The Real College Students of Duke University

Tuesday, amid a cacophony of rancorous dissent and excited applause, President Richard Brodhead signed a contract with MTV for a new reality show, “The Real College Students of Duke University.”

After receiving searing criticism from faculty, students and alumni alike, Brodhead spoke out about his reasoning for instigating such a project: “With a deficit not yet managed by faculty attrition and budget cuts, we had to search for new, innovative ways to make up our debts. MTV is willing to pay us thousands of dollars per episode, allowing us to divert more money from the Durham campus to the Kunshan... err... I mean... allowing us to once again focus our efforts on making this campus the best place for students.”

Brodhead added that “though it is controversial, we are in the forefront of this innovation. Many of this country’s elite institutions will be following suit in the coming years. You’ll see.”

While innovation may not be the best word to describe such a drastic new plan, the Editorial Board recognizes the project’s potential.

With the show set to begin taping on LDOC, and encouragement from Brodhead’s now public twitter account (“Dickbro—Students, work less hard, play harder”), the campus is ripe for the Duke experience so many of us have sought.

“This is why I came to Duke,” spouted Sammy D as he drunkenly staggered to claim his LDOC bracelet, MTV video cameras in tow.

While receiving his bracelet, Sammy D’s long-time girlfriend appeared and threw a beer can in his face (the new equivalent of throwing wine), yelling, “How dare you sleep with my best friend without inviting me!

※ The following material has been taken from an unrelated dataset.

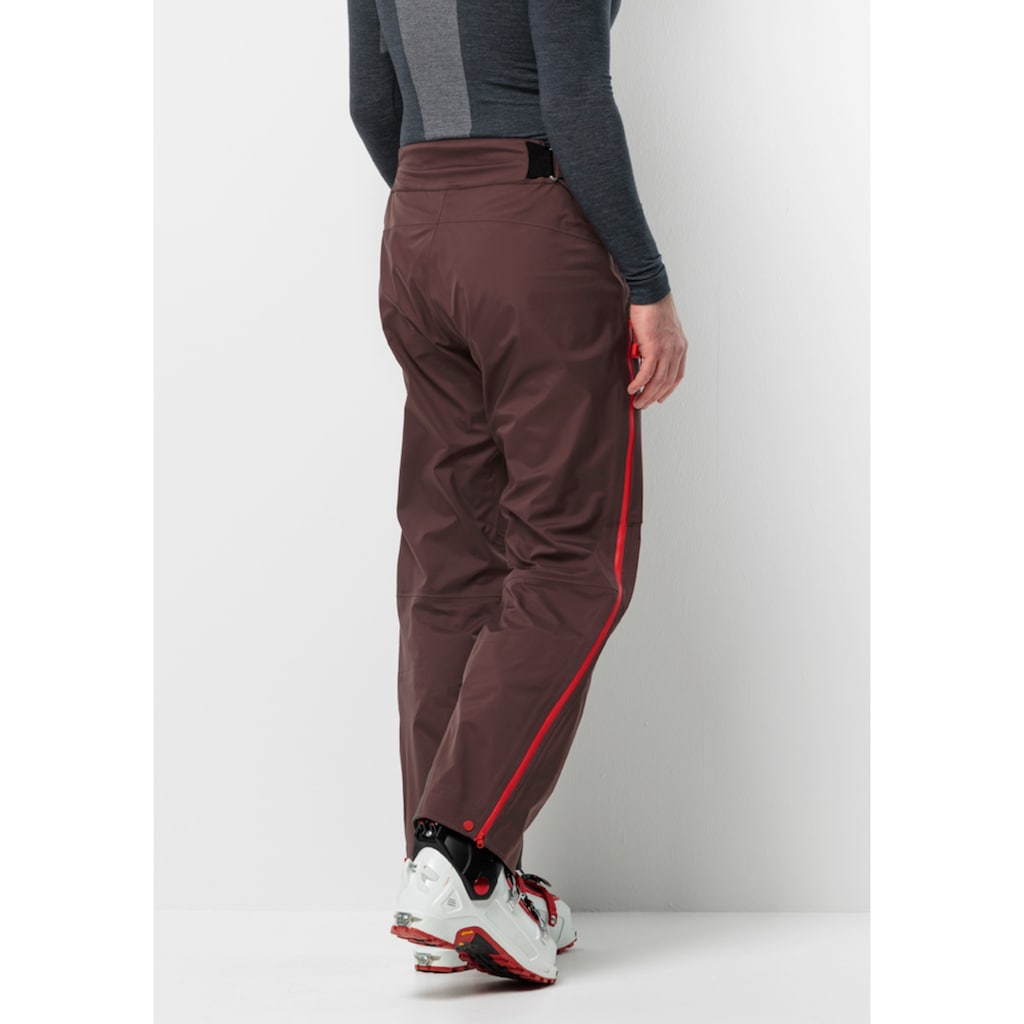 Jack Wolfskin Skihose »ALPSPITZE PRO 3L PANTS M«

You know the rules of our relationship! We’re SO on a break!”

Karen Owen, the show’s executive producer, was on hand to explain the project in further detail.

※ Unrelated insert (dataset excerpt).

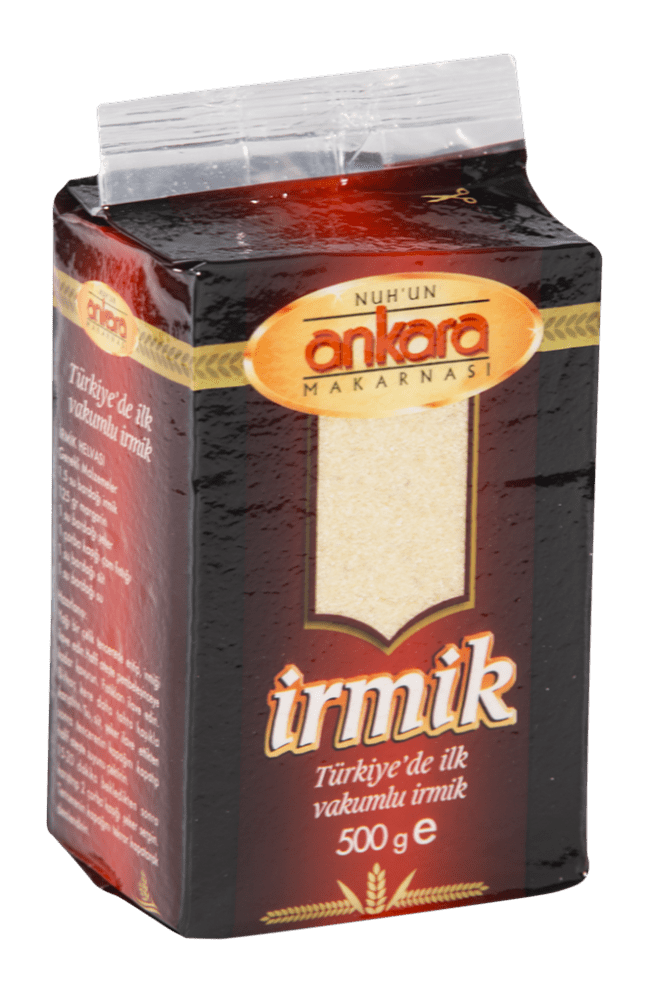 Nuhun Ankara Fine Semolina Flour 500g | Premium Durum Wheat - Aladdin Business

“We felt the media circus around Duke has been one of sex and scandal, not representing the real experience of students here,” Owen said. “This is a way for us to set the story straight in the public eye.”

We believe greater things will be in store for us as well. To boost ratings, we recommend that the West Union Building be renovated to become Shooters III, giving students quick, easy access to quick, easy classmates.

And if the rumblings are true, Pratt may undergo a complete makeover. We recommend it become the Pratt School of Fashion and Design, bringing a much needed influx of potential models and sassy students to an already overhyped campus. If this were to happen, the drama would be fiercer than a sorority common room minutes after the end of a frat party.

The incoming Cast of 2015 should look to enrich the show further. The admissions office should ensure that students from overrepresented areas such as New Jersey and Long Island make up an even greater percentage of new students.

Yet not every student is on board.

“Uh uh,” said sophomore Shannon Lieby. “I do not trust Brodhead. I mean, who does he think he is? God? No. That was completely uncalled for, given what he did.”

In case you couldn’t tell, this editorial is a joke. Have a great LDOC!